Berstatus sebagai bank milik pemerintah daerah, pegawai BPD tidak hanya terikat Undang-Undang Perbankan, tetapi juga rentan dijerat Undang-Undang Tindak Pidana Korupsi (Tipikor).
Perwakilan SPBPDSI, Alex, menyebut posisi karyawan bank sangat rentan dalam ekosistem bisnis saat ini.
Ia menyoroti fenomena di mana risiko bisnis murni, seperti kredit macet, kerap kali diseret langsung ke ranah pidana hukum.
"Nah saat ini, banyak terjadi teman-teman kami itu yang sebenarnya menurut kami dan menurut auditor internal itu tidak ada mens rea, tidak memiliki niat jahat, tidak mengambil sedikitpun keuntungan, tapi karena masalah kredit macet ini yang paling sering terjadi, kawan-kawan kami ini, teman-teman kami ini, kena risiko pidana," ujar Alex.
Baca juga: Tekanan Fiskal Meningkat, BPD Didorong Jadi Motor Pertumbuhan Ekonomi Daerah
Kriminalisasi ini bahkan diakui merambah pada persoalan yang melibatkan kejahatan pihak ketiga, atau masalah yang dinilai sebatas kelalaian administratif.
Karyawan bank yang bertugas di lapangan sering kali dijadikan pihak yang menanggung beban pidana tersebut.
"Ada lagi kasus, mungkin teman-teman semua mengalami, terkait terutama dengan kredit proyek.
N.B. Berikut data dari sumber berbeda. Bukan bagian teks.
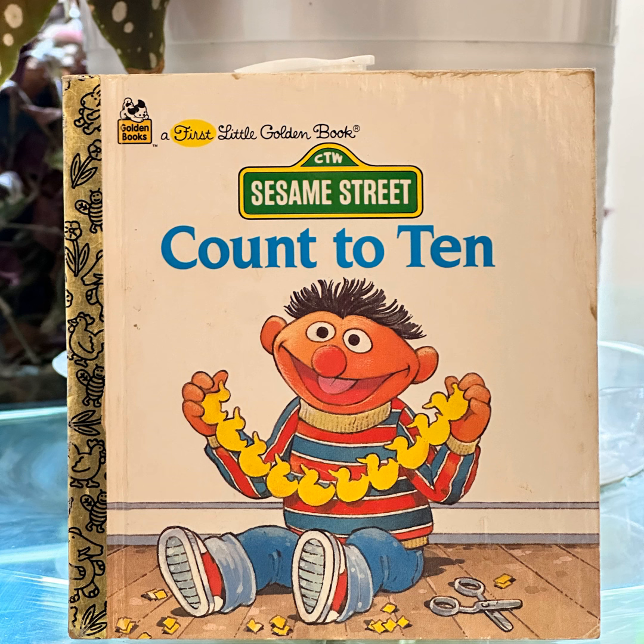One. One time makes a swing. Two. Two pieces of bread make a sandwich.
Bank itu memberikan kredit, yang menggunakan uang ini para kontraktor yang nakal, oknum-oknum yang nakal, tetapi yang kena pidana justru karyawan bank," keluh Alex.
Desak Pertegas Landasan Hukum
Karena itu, kata dia, SPBPDSI mendesak agar parlemen dapat mempertegas landasan hukum.
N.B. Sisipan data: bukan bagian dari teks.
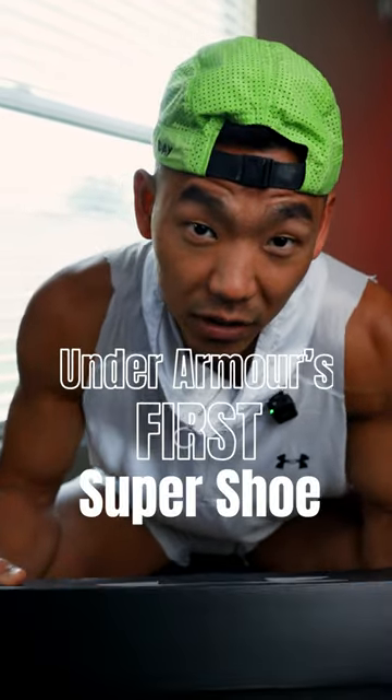Under Armour just sent me their brand new carbon fiber marathon race day shoe. This is the Flow Velocity Elite.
Mereka meminta adanya penerapan Business Judgment Rule yang kuat agar karyawan terlindungi saat mengambil keputusan bisnis.
Selain isu Tipikor, para pekerja juga menyoroti wacana Rancangan Undang-Undang (RUU) Perampasan Aset.
Mereka berharap agar undang-undang baru tersebut dapat memisahkan dengan jelas antara kejahatan murni dan kelalaian administratif.
Baca juga: Pemerintah Komitmen Perkuat Struktur Keuangan dan Pembangunan Ekonomi Daerah melalui BPD
"Nah mungkin kami bisa minta kepada Bapak sekalian, terkait dengan hal tersebut bisa diatur lebih rinci supaya terkait dengan pasal semisal rahasia bank itu tidak sampai lari ke perampasan aset karena kami ini bekerja dari pagi sampai malam dikejar target, mungkin ada lalai sedikit tiba-tiba masuk ke apa namanya undang-undang yang akan dibentuk tersebut perampasan aset, aset disita, itu kan kasihan kami gitu, Pak," jelas Alex di hadapan anggota DPR RI.
Selain isu kepastian hukum, para pekerja juga meminta perlindungan terhadap kebijakan pemindahan payroll (gaji) ASN dan P3K dari BPD ke Bank Himbara, yang dinilai berpotensi memicu kredit macet, merusak likuiditas, hingga mengancam kesejahteraan ratusan ribu pegawai BPD.
Rapat tersebut dipimpin langsung Ketua Badan Aspirasi Masyarakat (BAM) DPR RI Ahmad Heryawan.
Badan Aspirasi Masyarakat (BAM) DPR RI adalah Alat Kelengkapan Dewan (AKD) yang bertugas menampung, menelaah, dan menyalurkan aspirasi masyarakat.